# PROBLEM TO WORK ON:
Begin at the line below that holds "S Meghana Hangs" and end at the line that holds "Bán đất nền", transcribing each line exactly and skipping any picture.

[[ EXERCISE MATERIAL, beginning ]]

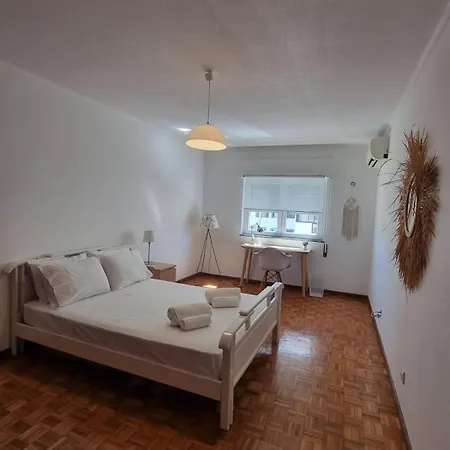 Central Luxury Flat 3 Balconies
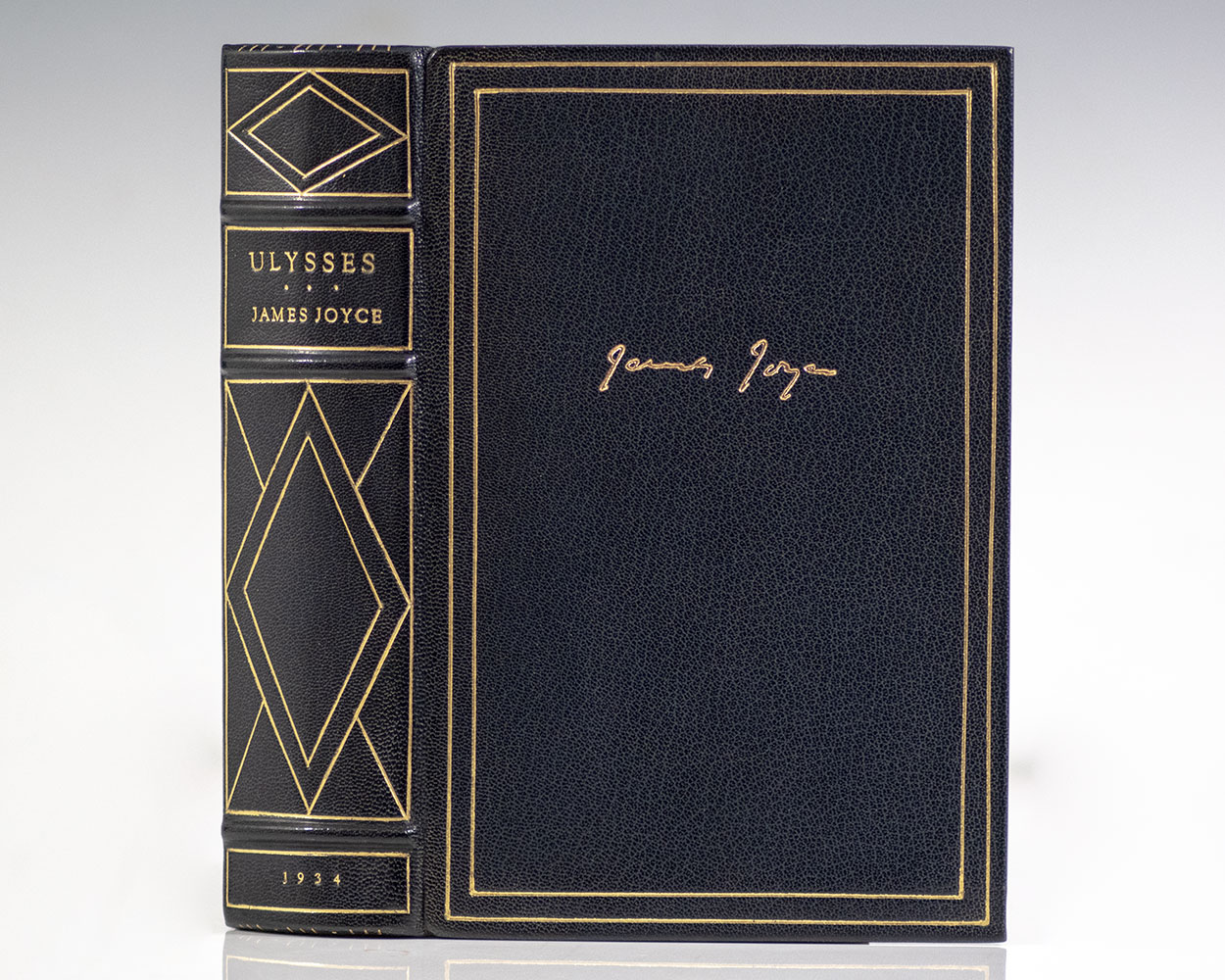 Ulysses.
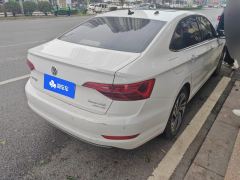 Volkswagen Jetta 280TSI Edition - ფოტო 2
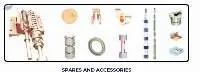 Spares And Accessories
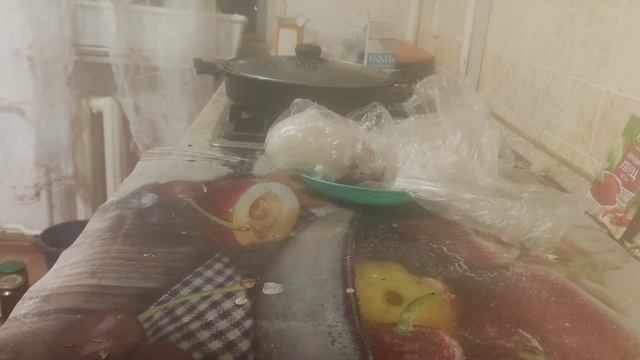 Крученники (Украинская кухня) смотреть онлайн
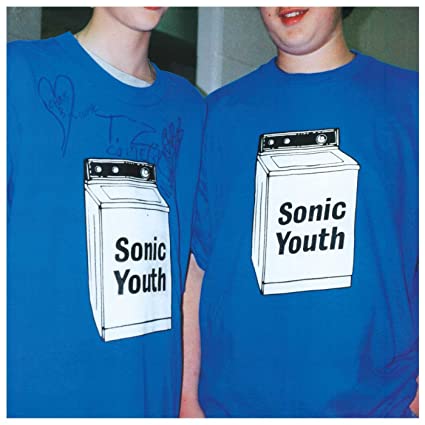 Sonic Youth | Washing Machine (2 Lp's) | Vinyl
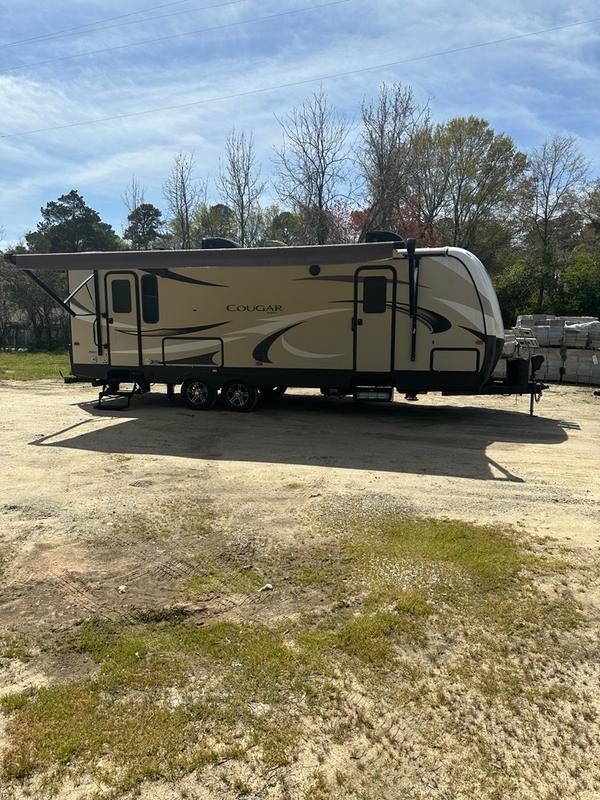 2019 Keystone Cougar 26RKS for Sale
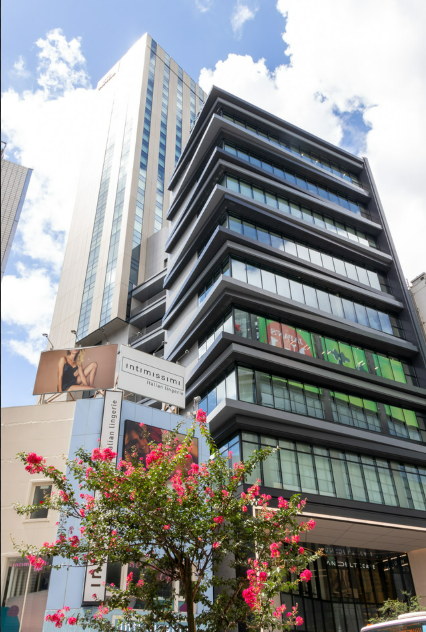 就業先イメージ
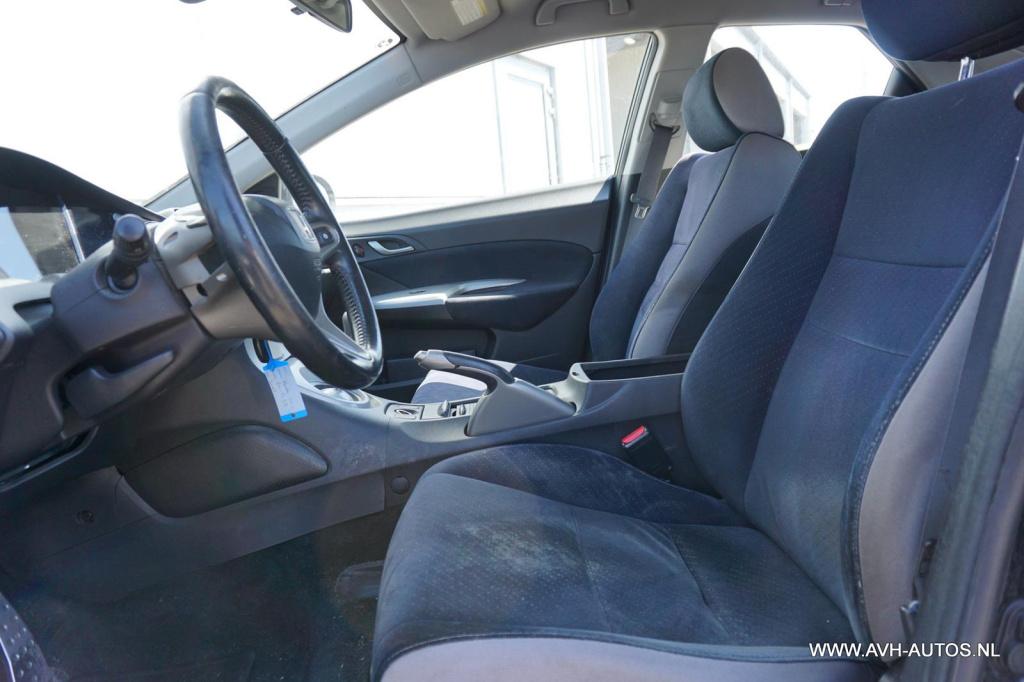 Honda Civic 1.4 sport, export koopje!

[[ EXERCISE MATERIAL, end ]]
[[ EXERCISE MATERIAL, beginning ]]

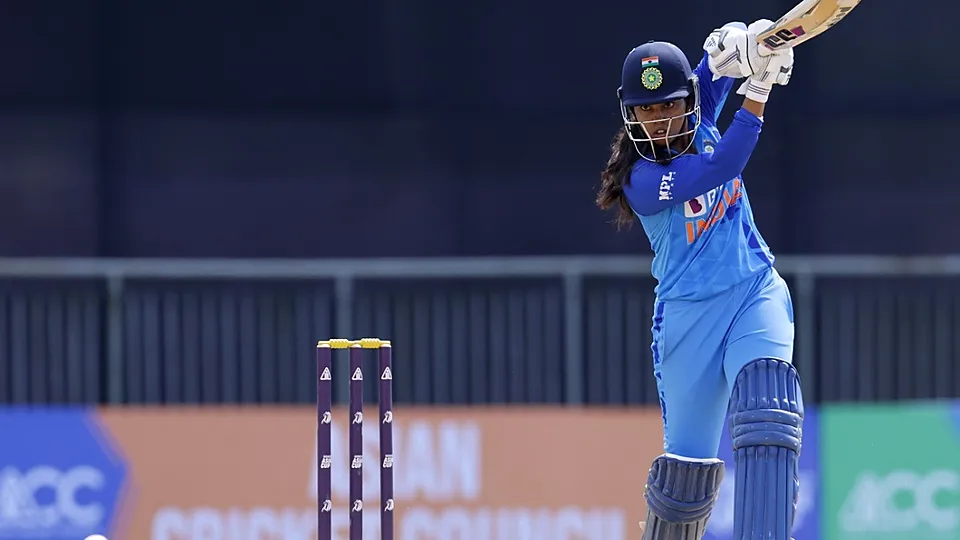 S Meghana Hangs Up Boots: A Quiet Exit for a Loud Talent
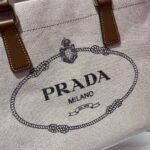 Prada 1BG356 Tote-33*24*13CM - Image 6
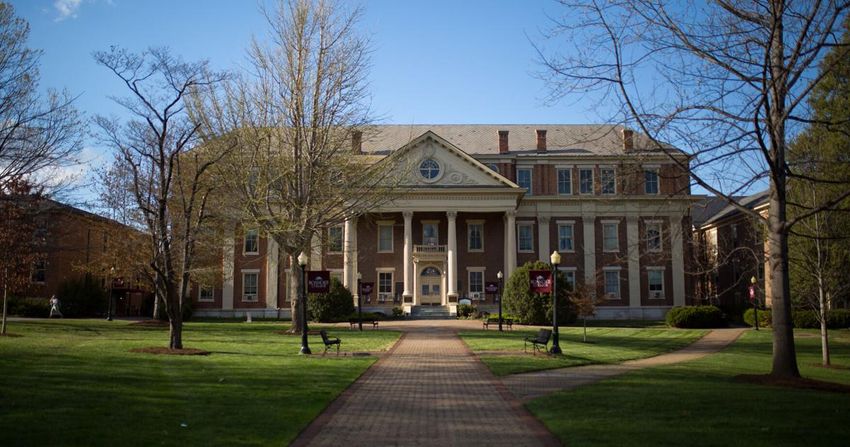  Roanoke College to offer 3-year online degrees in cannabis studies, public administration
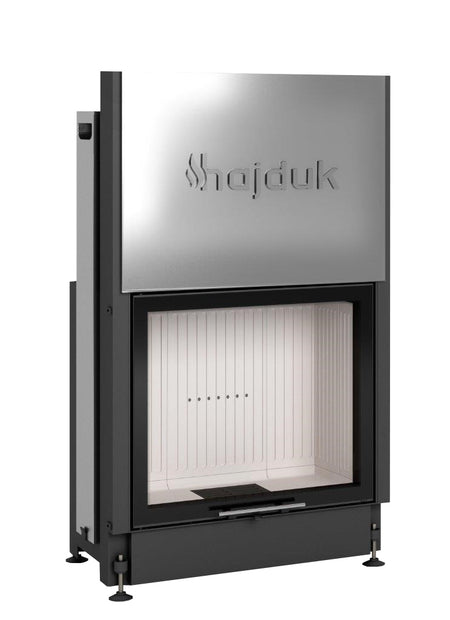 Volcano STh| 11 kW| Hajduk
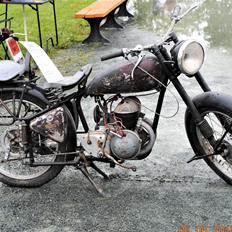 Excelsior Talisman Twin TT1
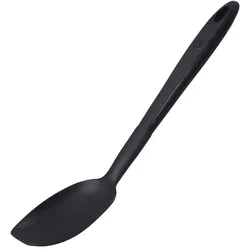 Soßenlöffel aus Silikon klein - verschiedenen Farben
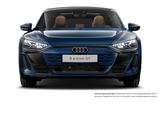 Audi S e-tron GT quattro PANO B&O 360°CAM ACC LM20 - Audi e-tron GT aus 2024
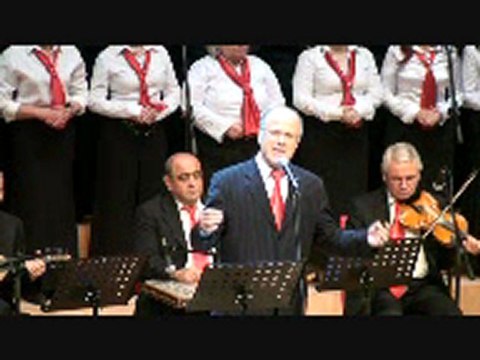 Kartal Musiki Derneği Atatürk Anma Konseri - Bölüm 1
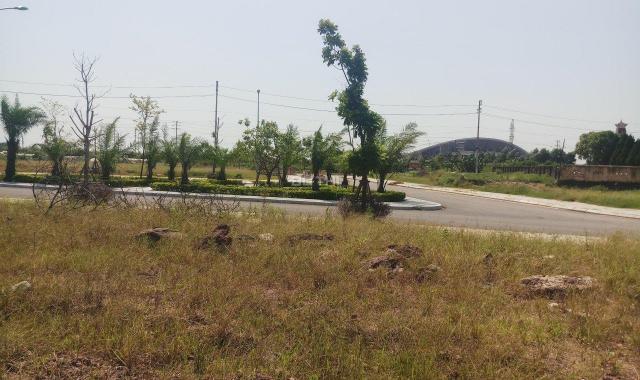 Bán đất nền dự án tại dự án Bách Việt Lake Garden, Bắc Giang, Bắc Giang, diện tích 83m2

[[ EXERCISE MATERIAL, end ]]
[[ EXERCISE MATERIAL, beginning ]]

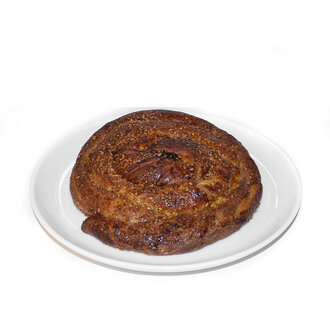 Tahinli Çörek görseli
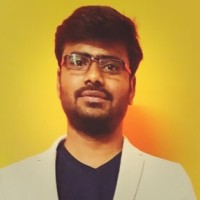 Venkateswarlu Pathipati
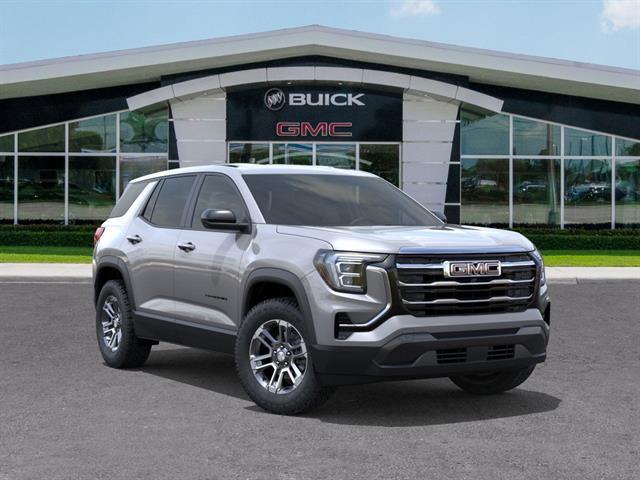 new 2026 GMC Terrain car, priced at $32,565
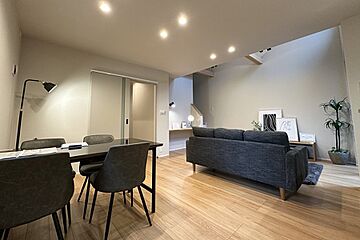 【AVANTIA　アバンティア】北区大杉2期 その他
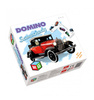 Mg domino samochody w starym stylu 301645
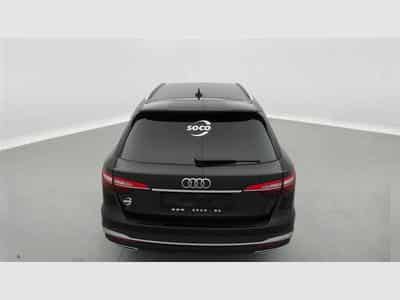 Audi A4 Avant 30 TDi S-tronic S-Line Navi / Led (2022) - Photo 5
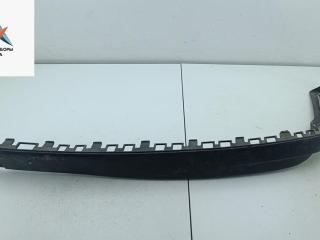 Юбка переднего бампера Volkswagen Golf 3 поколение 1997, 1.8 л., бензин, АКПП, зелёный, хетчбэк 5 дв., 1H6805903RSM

[[ EXERCISE MATERIAL, end ]]

# SOLUTION:
 S Meghana Hangs Up Boots: A Quiet Exit for a Loud Talent
 Prada 1BG356 Tote-33*24*13CM - Image 6
  Roanoke College to offer 3-year online degrees in cannabis studies, public administration
 Volcano STh| 11 kW| Hajduk
 Excelsior Talisman Twin TT1
 Soßenlöffel aus Silikon klein - verschiedenen Farben
 Audi S e-tron GT quattro PANO B&O 360°CAM ACC LM20 - Audi e-tron GT aus 2024
 Kartal Musiki Derneği Atatürk Anma Konseri - Bölüm 1
 Bán đất nền dự án tại dự án Bách Việt Lake Garden, Bắc Giang, Bắc Giang, diện tích 83m2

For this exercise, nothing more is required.